さて、ロンさんの直接の死因はDMではなく感染症ということにはなりますが、やはり加齢による免疫力低下と併せDMの影響も少なからずあったと獣医さんはおっしゃっていました。加えて腫瘍の肥大化を抑える薬がDMの進行を抑える要素があったと聞きました。

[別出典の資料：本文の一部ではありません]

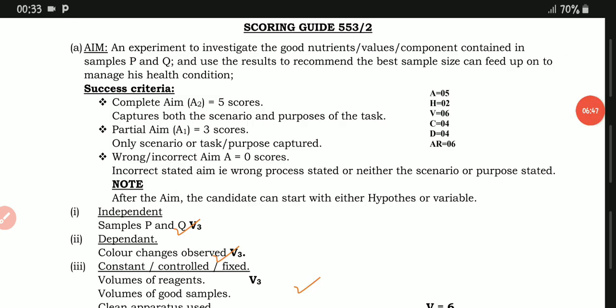When writing the aim, please add the reason. Our aim is: an experiment to investigate the food nutrients or components contained in samples P and Two, and to use the results to recommend the best sample Caesar can feed upon to manage his health condition. When you write your aim like that with a reason included, you qualify to get the AO5 success criteria mark.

DMが直接の死因となるケースであれば、そのまま筋力が失われ自発的な呼吸ができなくなり命を落とすことが多いようです。コーギーさんが息苦しそうにしている場合は一時的に仰向けにするか腹部を圧迫しないよう空間を作ることを意識するのだろうと考えます。
DMは体力も精神力も奪っていくので他の持病をお持ちのコーギーさんには十分に悔いの残らない(といっても難しいんですが)ケアをなさってください。
3か月の長きにわたりましたが我が家のロンさんのDM闘病記はこれで完結となります。今後はこのサイトをもう少し役立つ形に再構築し皆様のお役に立てるよう努力してまいりますので、是非ともお力をお貸しください。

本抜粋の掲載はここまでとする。